ATI LPN
PN ATI Capstone Proctored Comprehensive Assessment A
1. A nurse is providing teaching to a client who has a new prescription for hydrochlorothiazide 50 mg PO daily to treat hypertension. Which of the following instructions should the nurse include in the teaching?
- A. Take hydrochlorothiazide as needed for edema.
- B. Check your weight once weekly.
- C. Take the hydrochlorothiazide on an empty stomach.
- D. Take the hydrochlorothiazide in the morning.
Correct answer: D
Rationale: The correct answer is to take hydrochlorothiazide in the morning. This medication is usually advised to be taken in the morning to prevent nocturia, which is excessive urination at night. Option A is incorrect because hydrochlorothiazide should be taken daily as prescribed, not as needed for edema. Option B is incorrect as monitoring weight weekly may not be specifically related to hydrochlorothiazide therapy. Option C is incorrect as hydrochlorothiazide does not need to be taken on an empty stomach.
2. A healthcare professional is reviewing the laboratory results for a client who has a prescription for filgrastim. The healthcare professional should recognize that an increase in which of the following values indicates a therapeutic effect of this medication?
- A. Erythrocyte count
- B. Neutrophil count
- C. Lymphocyte count
- D. Thrombocyte count
Correct answer: B
Rationale: Filgrastim is a medication used to stimulate the production of neutrophils in patients with neutropenia. Neutrophils are a type of white blood cell that plays a crucial role in fighting off infections. Therefore, an increase in neutrophil count would indicate a therapeutic effect of filgrastim. The other options, such as erythrocyte count (red blood cells), lymphocyte count, and thrombocyte count (platelets), are not directly affected by filgrastim and would not indicate a therapeutic effect of this medication.
3. A nurse is caring for a client who has a new prescription for enalapril.
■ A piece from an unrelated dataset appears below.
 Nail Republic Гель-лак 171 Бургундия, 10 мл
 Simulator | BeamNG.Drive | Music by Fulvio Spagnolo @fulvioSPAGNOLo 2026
The nurse should monitor the client for which of the following adverse effects of this medication?
- A. Ecchymosis
- B. Jaundice
- C. Hypotension
- D. Hypokalemia
Correct answer: C
Rationale: The correct answer is C: Hypotension. Enalapril, an ACE inhibitor, can lead to hypotension, especially after the first dose. Choices A, B, and D are incorrect because enalapril is not typically associated with ecchymosis, jaundice, or hypokalemia as common adverse effects. Therefore, the nurse should primarily monitor the client for signs of hypotension.
4. A nurse is preparing to administer an enteral tube feeding through an NG tube at 250 mL over 4 hr. The nurse should set the pump to deliver how many mL/hr? (Round the answer to the nearest whole number)
- A. 63 mL/hr
- B. 36 mL/hr
- C. 78 mL/hr
- D. 90 mL/hr
Correct answer: A
Rationale: To calculate the rate for the enteral tube feeding, divide the total volume by the total time: 250 mL / 4 hr = 62.5 ≈ 63 mL/hr. Therefore, the nurse should set the pump to deliver 63 mL/hr. Choices B, C, and D are incorrect as they do not match the correct calculation result. B is too low, C is too high, and D is also too high based on the correct calculation.
5. A client with congestive heart failure taking digoxin reports nausea and refuses to eat breakfast. Which action should the nurse take first?
- A. Encourage the client to eat the toast on the breakfast tray.
- B. Administer an antiemetic.
- C. Inform the client's provider.
- D. Check the client's apical pulse.
Correct answer: D
Rationale: The correct action for the nurse to take first is to check the client's apical pulse. Nausea can be a sign of digoxin toxicity, and one of the early signs of digoxin toxicity is changes in the pulse rate. By checking the client's apical pulse, the nurse can assess if the digoxin level is too high. Encouraging the client to eat or administering an antiemetic may not address the underlying issue of digoxin toxicity. While informing the provider is important, assessing the client's condition through checking the apical pulse should be the immediate priority.